> **Task to complete**
Every entry below must appear again, exactly as written.

> **Data excerpts**
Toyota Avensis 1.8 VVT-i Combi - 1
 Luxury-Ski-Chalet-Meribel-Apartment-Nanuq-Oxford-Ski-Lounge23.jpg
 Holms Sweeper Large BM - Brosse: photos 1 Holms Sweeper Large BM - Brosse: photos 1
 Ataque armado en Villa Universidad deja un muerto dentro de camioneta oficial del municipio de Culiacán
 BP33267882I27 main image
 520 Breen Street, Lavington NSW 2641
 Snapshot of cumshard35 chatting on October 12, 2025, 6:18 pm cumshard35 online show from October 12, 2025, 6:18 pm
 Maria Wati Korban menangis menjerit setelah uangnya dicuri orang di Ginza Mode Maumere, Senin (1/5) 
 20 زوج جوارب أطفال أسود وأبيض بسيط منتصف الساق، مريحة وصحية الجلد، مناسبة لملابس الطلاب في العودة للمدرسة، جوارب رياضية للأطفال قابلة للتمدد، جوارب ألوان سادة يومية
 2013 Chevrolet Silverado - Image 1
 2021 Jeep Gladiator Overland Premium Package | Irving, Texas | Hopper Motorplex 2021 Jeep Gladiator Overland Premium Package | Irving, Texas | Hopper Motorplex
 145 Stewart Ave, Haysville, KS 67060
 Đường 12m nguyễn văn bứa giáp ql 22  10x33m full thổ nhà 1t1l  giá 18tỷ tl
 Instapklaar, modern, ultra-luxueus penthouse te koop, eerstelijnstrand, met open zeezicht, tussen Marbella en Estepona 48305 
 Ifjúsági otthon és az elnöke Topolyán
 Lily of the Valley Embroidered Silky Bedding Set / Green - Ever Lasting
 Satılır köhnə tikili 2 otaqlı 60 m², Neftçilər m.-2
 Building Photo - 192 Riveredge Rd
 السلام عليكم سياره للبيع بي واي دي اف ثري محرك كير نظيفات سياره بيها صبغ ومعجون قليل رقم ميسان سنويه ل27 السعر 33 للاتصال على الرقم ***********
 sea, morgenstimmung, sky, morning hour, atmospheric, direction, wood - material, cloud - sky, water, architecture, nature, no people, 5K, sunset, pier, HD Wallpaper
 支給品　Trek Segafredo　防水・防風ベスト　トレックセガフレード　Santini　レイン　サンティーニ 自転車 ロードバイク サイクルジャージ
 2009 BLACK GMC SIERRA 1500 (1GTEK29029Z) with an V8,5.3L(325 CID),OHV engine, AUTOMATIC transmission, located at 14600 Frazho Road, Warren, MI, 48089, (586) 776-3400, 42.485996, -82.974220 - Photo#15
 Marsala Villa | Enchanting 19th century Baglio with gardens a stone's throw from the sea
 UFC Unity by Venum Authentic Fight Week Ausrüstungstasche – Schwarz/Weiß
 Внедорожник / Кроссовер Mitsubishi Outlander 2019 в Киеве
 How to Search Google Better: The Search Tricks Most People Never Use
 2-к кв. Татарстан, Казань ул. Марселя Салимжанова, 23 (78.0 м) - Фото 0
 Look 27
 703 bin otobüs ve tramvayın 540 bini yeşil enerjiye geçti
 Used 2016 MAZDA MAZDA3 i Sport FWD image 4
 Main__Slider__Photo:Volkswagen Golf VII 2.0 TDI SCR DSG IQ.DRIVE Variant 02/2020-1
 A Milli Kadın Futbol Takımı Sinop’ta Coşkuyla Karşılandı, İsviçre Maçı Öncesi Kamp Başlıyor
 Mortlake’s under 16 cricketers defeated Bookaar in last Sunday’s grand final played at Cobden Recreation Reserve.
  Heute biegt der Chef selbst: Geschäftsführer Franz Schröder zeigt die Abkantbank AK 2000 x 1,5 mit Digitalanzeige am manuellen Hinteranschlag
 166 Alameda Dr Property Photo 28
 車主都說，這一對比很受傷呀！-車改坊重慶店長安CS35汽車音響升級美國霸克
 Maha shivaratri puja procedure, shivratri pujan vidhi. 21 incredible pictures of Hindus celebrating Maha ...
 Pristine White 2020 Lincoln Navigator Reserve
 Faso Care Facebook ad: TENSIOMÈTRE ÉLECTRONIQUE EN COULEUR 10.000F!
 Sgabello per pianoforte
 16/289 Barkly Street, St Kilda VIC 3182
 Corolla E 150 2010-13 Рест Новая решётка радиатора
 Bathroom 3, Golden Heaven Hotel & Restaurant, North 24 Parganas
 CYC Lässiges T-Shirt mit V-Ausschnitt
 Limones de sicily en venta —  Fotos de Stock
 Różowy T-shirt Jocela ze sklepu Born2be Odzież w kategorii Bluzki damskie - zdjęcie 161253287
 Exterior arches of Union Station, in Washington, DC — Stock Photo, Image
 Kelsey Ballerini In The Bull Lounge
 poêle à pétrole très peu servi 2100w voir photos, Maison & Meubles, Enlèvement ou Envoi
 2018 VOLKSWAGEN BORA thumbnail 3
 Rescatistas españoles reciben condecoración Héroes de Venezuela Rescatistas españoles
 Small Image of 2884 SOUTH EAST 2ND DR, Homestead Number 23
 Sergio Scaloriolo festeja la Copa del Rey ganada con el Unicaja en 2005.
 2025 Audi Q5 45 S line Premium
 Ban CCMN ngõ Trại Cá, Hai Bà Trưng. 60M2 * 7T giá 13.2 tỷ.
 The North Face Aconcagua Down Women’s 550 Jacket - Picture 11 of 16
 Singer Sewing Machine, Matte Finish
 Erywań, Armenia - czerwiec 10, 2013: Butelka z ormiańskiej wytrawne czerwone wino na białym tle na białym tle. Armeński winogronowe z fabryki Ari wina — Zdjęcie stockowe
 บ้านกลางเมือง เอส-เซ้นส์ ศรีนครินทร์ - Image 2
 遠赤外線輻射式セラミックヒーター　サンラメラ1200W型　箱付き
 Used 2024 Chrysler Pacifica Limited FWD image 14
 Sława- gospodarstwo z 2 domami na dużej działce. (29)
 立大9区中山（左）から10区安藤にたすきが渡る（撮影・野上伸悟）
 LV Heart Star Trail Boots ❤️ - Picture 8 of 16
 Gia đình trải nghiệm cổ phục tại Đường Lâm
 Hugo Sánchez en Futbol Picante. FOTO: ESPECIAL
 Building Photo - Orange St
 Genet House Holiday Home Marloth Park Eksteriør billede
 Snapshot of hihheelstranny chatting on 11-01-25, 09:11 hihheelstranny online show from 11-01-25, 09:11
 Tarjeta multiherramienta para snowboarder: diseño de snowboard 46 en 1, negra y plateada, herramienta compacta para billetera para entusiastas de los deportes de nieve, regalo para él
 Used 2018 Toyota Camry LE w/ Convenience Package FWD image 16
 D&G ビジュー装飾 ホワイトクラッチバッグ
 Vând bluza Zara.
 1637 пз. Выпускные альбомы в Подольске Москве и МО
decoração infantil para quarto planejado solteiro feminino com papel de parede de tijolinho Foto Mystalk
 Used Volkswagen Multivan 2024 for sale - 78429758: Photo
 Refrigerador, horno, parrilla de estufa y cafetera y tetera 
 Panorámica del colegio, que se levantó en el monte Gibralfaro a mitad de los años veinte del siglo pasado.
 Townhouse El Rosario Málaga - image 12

> **Result for this exercise**
Toyota Avensis 1.8 VVT-i Combi - 1
 Luxury-Ski-Chalet-Meribel-Apartment-Nanuq-Oxford-Ski-Lounge23.jpg
 Holms Sweeper Large BM - Brosse: photos 1 Holms Sweeper Large BM - Brosse: photos 1
 Ataque armado en Villa Universidad deja un muerto dentro de camioneta oficial del municipio de Culiacán
 BP33267882I27 main image
 520 Breen Street, Lavington NSW 2641
 Snapshot of cumshard35 chatting on October 12, 2025, 6:18 pm cumshard35 online show from October 12, 2025, 6:18 pm
 Maria Wati Korban menangis menjerit setelah uangnya dicuri orang di Ginza Mode Maumere, Senin (1/5) 
 20 زوج جوارب أطفال أسود وأبيض بسيط منتصف الساق، مريحة وصحية الجلد، مناسبة لملابس الطلاب في العودة للمدرسة، جوارب رياضية للأطفال قابلة للتمدد، جوارب ألوان سادة يومية
 2013 Chevrolet Silverado - Image 1
 2021 Jeep Gladiator Overland Premium Package | Irving, Texas | Hopper Motorplex 2021 Jeep Gladiator Overland Premium Package | Irving, Texas | Hopper Motorplex
 145 Stewart Ave, Haysville, KS 67060
 Đường 12m nguyễn văn bứa giáp ql 22  10x33m full thổ nhà 1t1l  giá 18tỷ tl
 Instapklaar, modern, ultra-luxueus penthouse te koop, eerstelijnstrand, met open zeezicht, tussen Marbella en Estepona 48305 
 Ifjúsági otthon és az elnöke Topolyán
 Lily of the Valley Embroidered Silky Bedding Set / Green - Ever Lasting
 Satılır köhnə tikili 2 otaqlı 60 m², Neftçilər m.-2
 Building Photo - 192 Riveredge Rd
 السلام عليكم سياره للبيع بي واي دي اف ثري محرك كير نظيفات سياره بيها صبغ ومعجون قليل رقم ميسان سنويه ل27 السعر 33 للاتصال على الرقم ***********
 sea, morgenstimmung, sky, morning hour, atmospheric, direction, wood - material, cloud - sky, water, architecture, nature, no people, 5K, sunset, pier, HD Wallpaper
 支給品　Trek Segafredo　防水・防風ベスト　トレックセガフレード　Santini　レイン　サンティーニ 自転車 ロードバイク サイクルジャージ
 2009 BLACK GMC SIERRA 1500 (1GTEK29029Z) with an V8,5.3L(325 CID),OHV engine, AUTOMATIC transmission, located at 14600 Frazho Road, Warren, MI, 48089, (586) 776-3400, 42.485996, -82.974220 - Photo#15
 Marsala Villa | Enchanting 19th century Baglio with gardens a stone's throw from the sea
 UFC Unity by Venum Authentic Fight Week Ausrüstungstasche – Schwarz/Weiß
 Внедорожник / Кроссовер Mitsubishi Outlander 2019 в Киеве
 How to Search Google Better: The Search Tricks Most People Never Use
 2-к кв. Татарстан, Казань ул. Марселя Салимжанова, 23 (78.0 м) - Фото 0
 Look 27
 703 bin otobüs ve tramvayın 540 bini yeşil enerjiye geçti
 Used 2016 MAZDA MAZDA3 i Sport FWD image 4
 Main__Slider__Photo:Volkswagen Golf VII 2.0 TDI SCR DSG IQ.DRIVE Variant 02/2020-1
 A Milli Kadın Futbol Takımı Sinop’ta Coşkuyla Karşılandı, İsviçre Maçı Öncesi Kamp Başlıyor
 Mortlake’s under 16 cricketers defeated Bookaar in last Sunday’s grand final played at Cobden Recreation Reserve.
  Heute biegt der Chef selbst: Geschäftsführer Franz Schröder zeigt die Abkantbank AK 2000 x 1,5 mit Digitalanzeige am manuellen Hinteranschlag
 166 Alameda Dr Property Photo 28
 車主都說，這一對比很受傷呀！-車改坊重慶店長安CS35汽車音響升級美國霸克
 Maha shivaratri puja procedure, shivratri pujan vidhi. 21 incredible pictures of Hindus celebrating Maha ...
 Pristine White 2020 Lincoln Navigator Reserve
 Faso Care Facebook ad: TENSIOMÈTRE ÉLECTRONIQUE EN COULEUR 10.000F!
 Sgabello per pianoforte
 16/289 Barkly Street, St Kilda VIC 3182
 Corolla E 150 2010-13 Рест Новая решётка радиатора
 Bathroom 3, Golden Heaven Hotel & Restaurant, North 24 Parganas
 CYC Lässiges T-Shirt mit V-Ausschnitt
 Limones de sicily en venta —  Fotos de Stock
 Różowy T-shirt Jocela ze sklepu Born2be Odzież w kategorii Bluzki damskie - zdjęcie 161253287
 Exterior arches of Union Station, in Washington, DC — Stock Photo, Image
 Kelsey Ballerini In The Bull Lounge
 poêle à pétrole très peu servi 2100w voir photos, Maison & Meubles, Enlèvement ou Envoi
 2018 VOLKSWAGEN BORA thumbnail 3
 Rescatistas españoles reciben condecoración Héroes de Venezuela Rescatistas españoles
 Small Image of 2884 SOUTH EAST 2ND DR, Homestead Number 23
 Sergio Scaloriolo festeja la Copa del Rey ganada con el Unicaja en 2005.
 2025 Audi Q5 45 S line Premium
 Ban CCMN ngõ Trại Cá, Hai Bà Trưng. 60M2 * 7T giá 13.2 tỷ.
 The North Face Aconcagua Down Women’s 550 Jacket - Picture 11 of 16
 Singer Sewing Machine, Matte Finish
 Erywań, Armenia - czerwiec 10, 2013: Butelka z ormiańskiej wytrawne czerwone wino na białym tle na białym tle. Armeński winogronowe z fabryki Ari wina — Zdjęcie stockowe
 บ้านกลางเมือง เอส-เซ้นส์ ศรีนครินทร์ - Image 2
 遠赤外線輻射式セラミックヒーター　サンラメラ1200W型　箱付き
 Used 2024 Chrysler Pacifica Limited FWD image 14
 Sława- gospodarstwo z 2 domami na dużej działce. (29)
 立大9区中山（左）から10区安藤にたすきが渡る（撮影・野上伸悟）
 LV Heart Star Trail Boots ❤️ - Picture 8 of 16
 Gia đình trải nghiệm cổ phục tại Đường Lâm
 Hugo Sánchez en Futbol Picante. FOTO: ESPECIAL
 Building Photo - Orange St
 Genet House Holiday Home Marloth Park Eksteriør billede
 Snapshot of hihheelstranny chatting on 11-01-25, 09:11 hihheelstranny online show from 11-01-25, 09:11
 Tarjeta multiherramienta para snowboarder: diseño de snowboard 46 en 1, negra y plateada, herramienta compacta para billetera para entusiastas de los deportes de nieve, regalo para él
 Used 2018 Toyota Camry LE w/ Convenience Package FWD image 16
 D&G ビジュー装飾 ホワイトクラッチバッグ
 Vând bluza Zara.
 1637 пз. Выпускные альбомы в Подольске Москве и МО
decoração infantil para quarto planejado solteiro feminino com papel de parede de tijolinho Foto Mystalk
 Used Volkswagen Multivan 2024 for sale - 78429758: Photo
 Refrigerador, horno, parrilla de estufa y cafetera y tetera 
 Panorámica del colegio, que se levantó en el monte Gibralfaro a mitad de los años veinte del siglo pasado.
 Townhouse El Rosario Málaga - image 12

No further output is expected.